Suffix Tree & Ukkonen's Algorithm — Practice Tasks¶
These tasks build mastery from the ground up: first the suffix-tree shape and queries (naive build is fine), then Ukkonen's online construction with its three tricks, then advanced applications and "when not to use it" judgment. Each task gives a problem, I/O spec, constraints, hints, and starter code in Go, Java, and Python. Build on S$ with a unique sentinel unless told otherwise, and test every implementation against a brute-force oracle on small random strings.
Beginner Tasks (5)¶
Task 1 — Naive suffix tree + substring check¶
Problem. Build a suffix tree of S$ by inserting each suffix into a trie (naive O(n²)), then answer "is P a substring of S?" in O(|P|).
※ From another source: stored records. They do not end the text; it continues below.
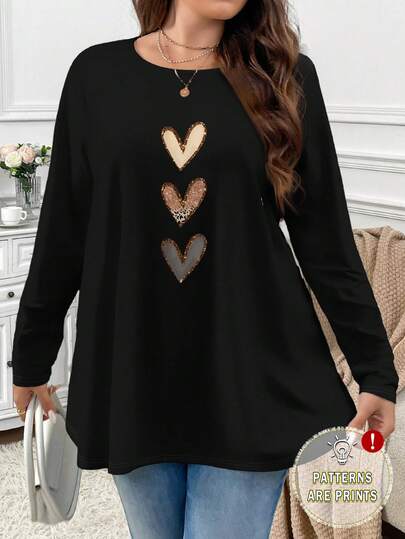 Firerie 加大码优雅休闲黑色渐变心形图案宽松长袖圆领纯色基本款伞形下摆 T 恤，适合秋冬季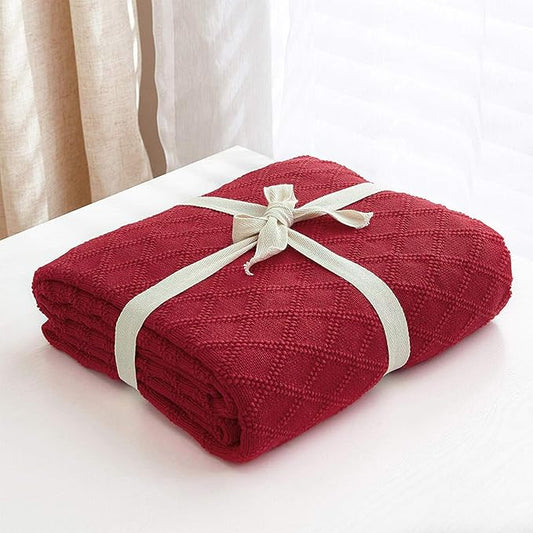 Longhui bedding Cotton Wine Red Cable Knit Throw Blanket for Couch Chairs Bed Beach, Home Decorative Knitted Blanket, 50 x 60 Inch with a Washing Bag,Silk Bow Tie Package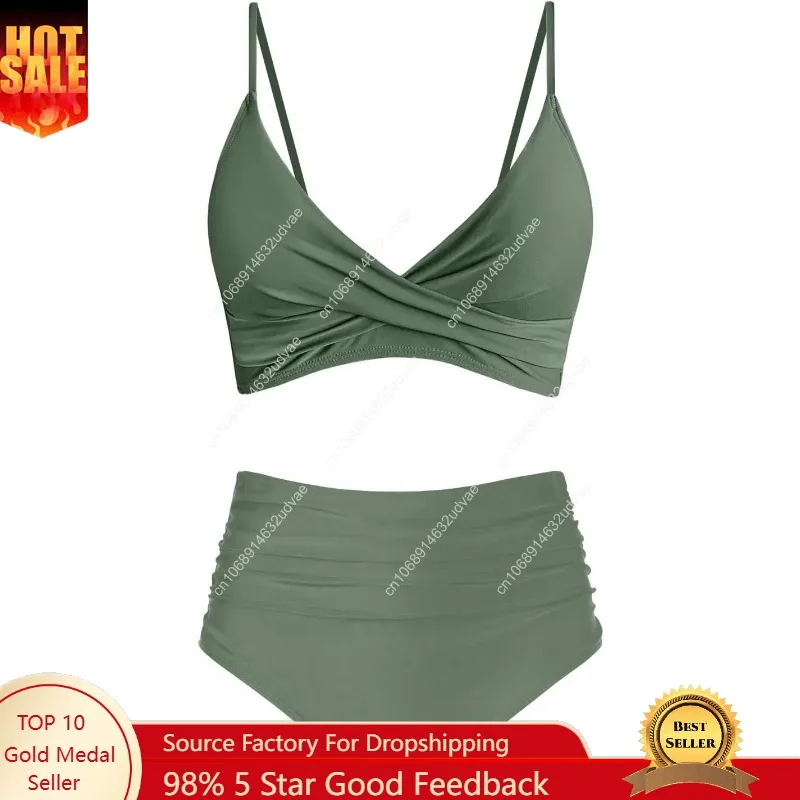 Women's High Waisted Bikini Se - Swimsuit Bikini Ruched ulasan dan harga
Input. A string S and a list of query patterns. Output. For each pattern, true/false. Constraints. 1 ≤ |S| ≤ 2000. Lowercase letters. Hints. - Append a sentinel $ that does not appear in S. - Store edges as [start, end] index pairs; never copy substrings. - To query, walk from the root matching characters along edge labels.
Starter — Go.
package main
import "fmt"
type Node struct { start, end int; children map[byte]*Node }
func build(s string) *Node { /* insert each suffix; split on divergence */ return nil }
func contains(root *Node, s, p string) bool { /* walk down following p */ return false }
func main() {
s := "mississippi$"
root := build(s)
fmt.Println(contains(root, s, "issi")) // true
}
Starter — Java.
import java.util.*;
public class T1 {
static class Node { int start, end; Map<Character,Node> ch=new HashMap<>(); }
static Node build(String s){ /* TODO */ return null; }
static boolean contains(Node root, String s, String p){ /* TODO */ return false; }
public static void main(String[] a){
String s="mississippi$";
System.out.println(contains(build(s), s, "issi")); // true
}
}
Starter — Python.
class Node:
def __init__(self, s, e): self.start = s; self.end = e; self.ch = {}
def build(s): ... # insert each suffix, split on divergence
def contains(root, s, p): ...
if __name__ == "__main__":
s = "mississippi$"
print(contains(build(s), s, "issi")) # True
Task 2 — Count leaves under a node (occurrence count)¶
Problem. Extend Task 1: for a pattern P that occurs, return how many times it occurs in S (= number of leaves in the subtree below P's endpoint).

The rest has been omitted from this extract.